Share price, principal value, and return will vary and you may have a gain or loss when you sell your shares.
The Emerging Markets Bond Fund charges a 2%
redemption fee on shares held 90 days or less.
The performance information shown does not reflect the deduction of the redemption fee;
if it did, the performance would be lower.
We think that the U.S. dollar- and euro-denominated sovereign debt of emerging markets with higher credit quality appears to be overvalued, and it is relatively sensitive to the negative price effects of an increase in U.S. interest rates. Instead, we favor bonds issued by developing market corporations, particularly those that will likely benefit from the growing numbers of middle-class consumers in emerging markets. We are also finding compelling value in some local currency bonds versus dollar-denominated debt. Given our outlook for a stronger U.S. dollar, exposure to emerging markets currencies is selective and modest overall.
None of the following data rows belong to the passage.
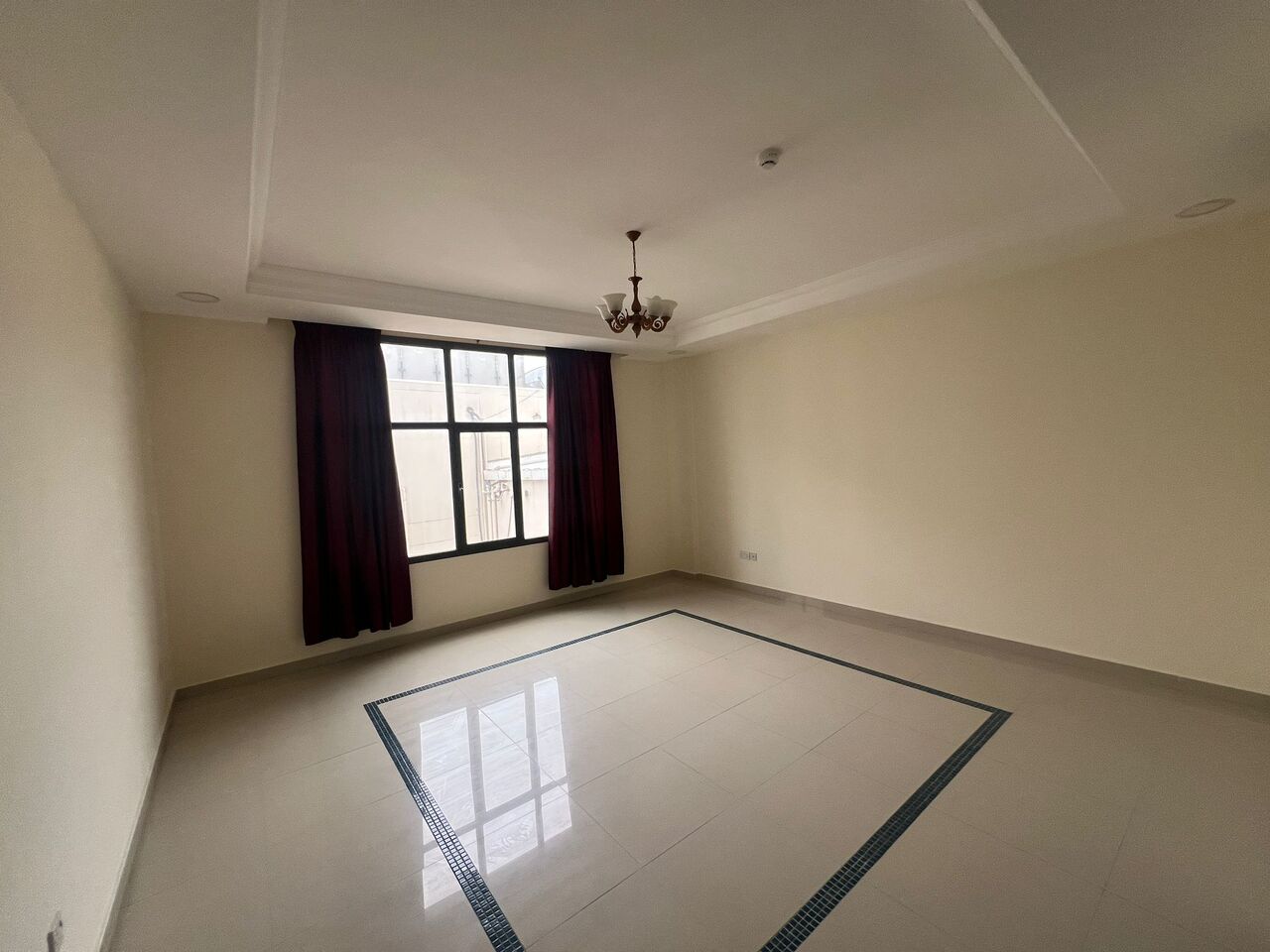 Budaiya, Staff Accommodation, BHD 250,  STAFF ACCOMMODATION | Semi-Furnished 2-Bedroom Apartment For Rent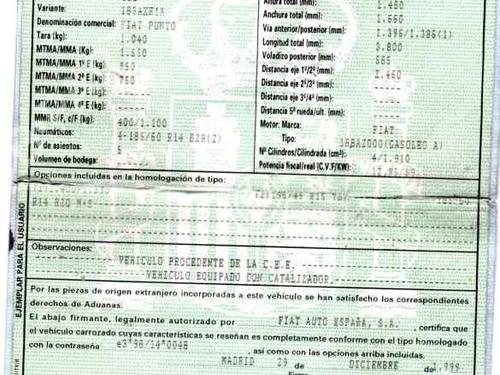 Starter FIAT PUNTO (188_) 1.9 JTD 80 (188.237, .257, .337, .357) | BP6216616M8 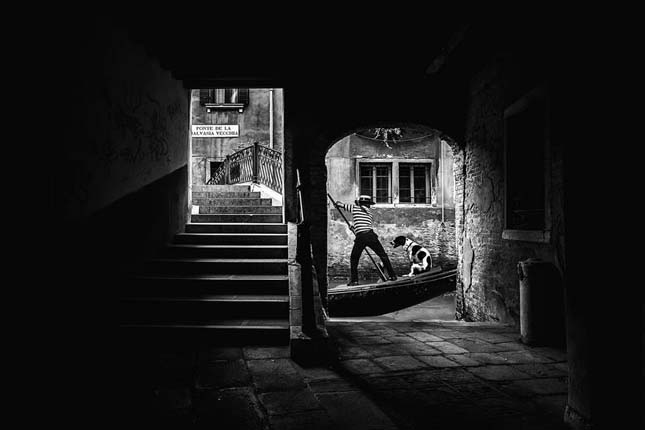 Siena International Photo Awards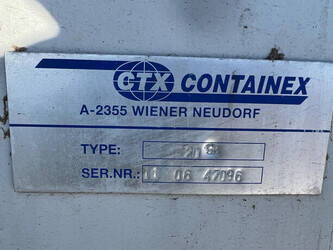 containex-others-45908244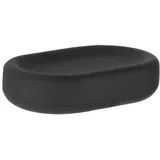 GESSI Seifenhalter Schwarz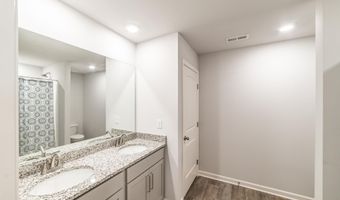 658 5th St NW, Arab, AL 35016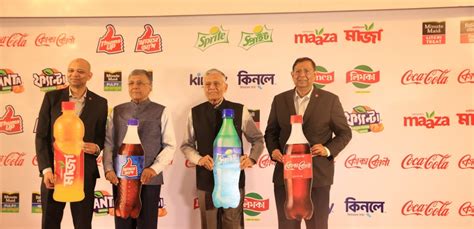 Coca-Cola India identifies West Bengal as one of its key growth markets - FoodBevIndia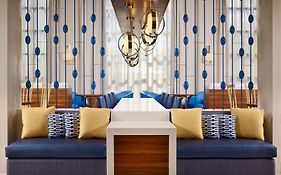 Sonesta Es Suites Auburn Hills Detroit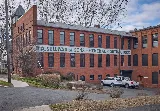 D.A. Sullivan & Sons, Inc.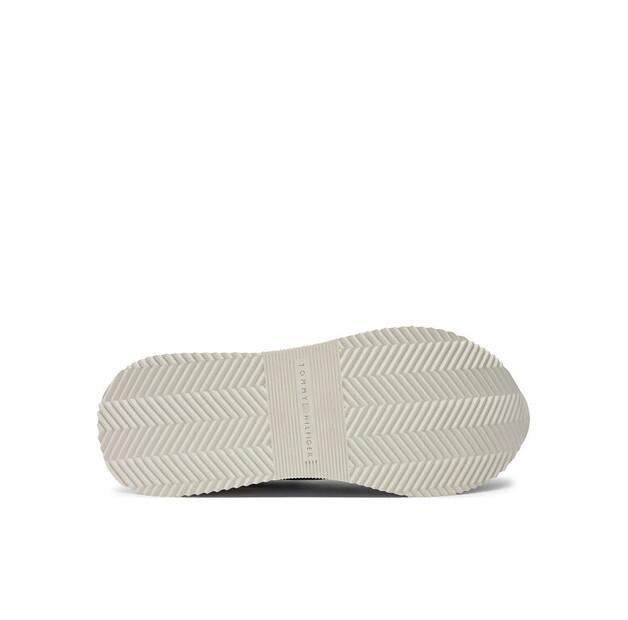 Кроссовки Tommy Hilfiger Chic Chunky Runner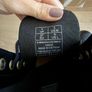 Dr Martens vegan boots Image 3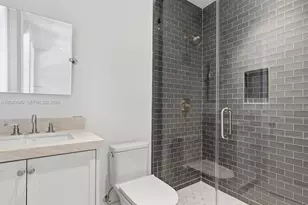 6333 SW 69th St, South Miami, FL 33143 - Photo 45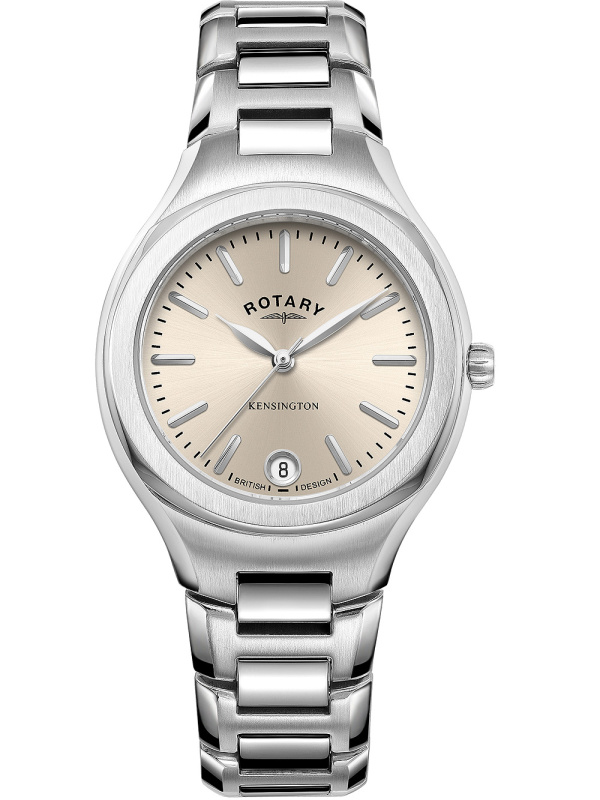 Rotary LB05105/03 KENSINGTON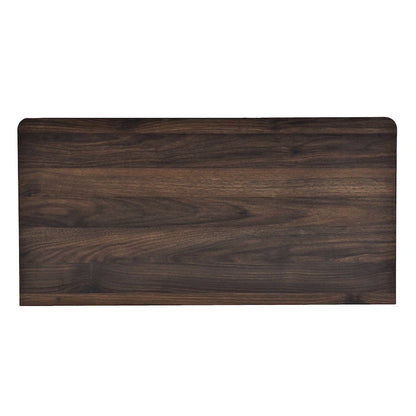 Commode Olimont à 5 tiroirs par Christopher Knight Home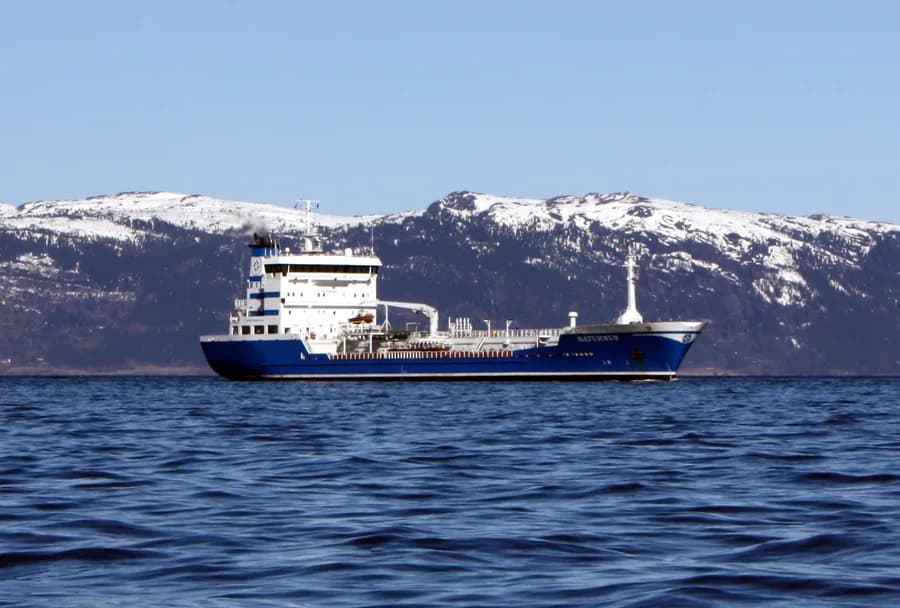 Zaliv Nakhodka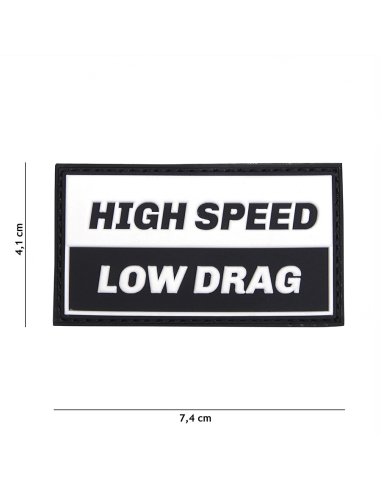 PATCH_HIGH_SPEED_LOW_DRAG_white__1721751243_0.png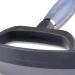 WALDHAUSEN Schwei messer mit Gelgriff Hochwertiges Schwei werkzeug f r internationale Kunden | Jetzt online kaufen! - Buy Online on SooperMarket.com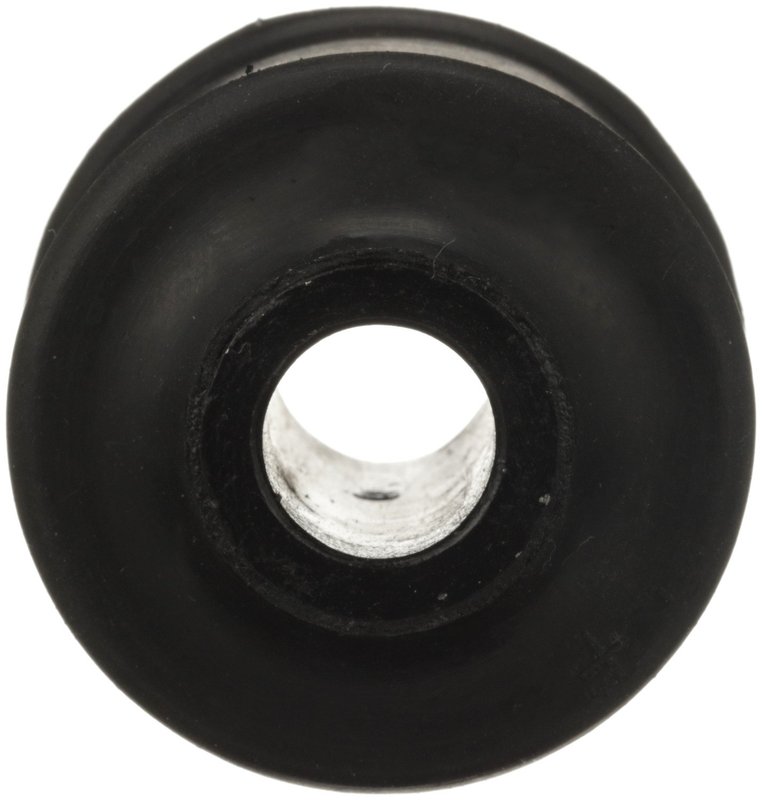 Delphi TD4766W Suspension Trailing Arm Bushing - Rear At Knuckle (Lower)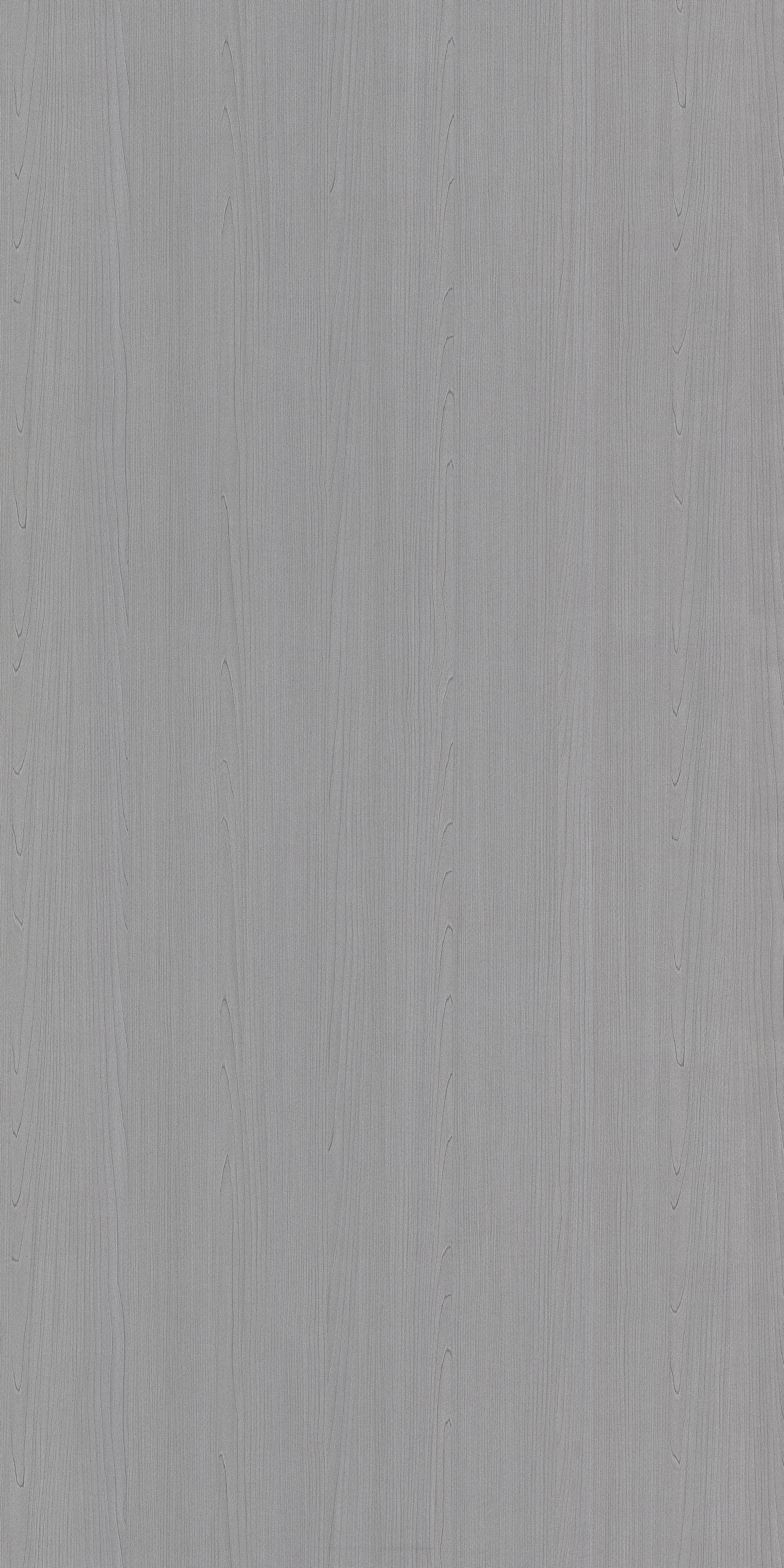8896 OWD WOODEN JUTE FABRIC II Grey Wood Gloss Laminate - AmulyaMica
Based on improving economic growth rates in developing countries, fading investor worries about election cycles, and supportive valuations, our overall outlook for emerging markets bonds remains favorable. However, there are several idiosyncratic, country-by-country issues, such as the standoff between Argentina and the holdout creditors that did not participate in the restructuring of its defaulted debt, and more will likely appear. Investor demand for emerging markets bonds is recovering, although inflows will likely become more discriminating by country. Many emerging markets have strong balance sheets and higher growth potential relative to developed countries, so the long-term fundamental drivers of the segment remain intact.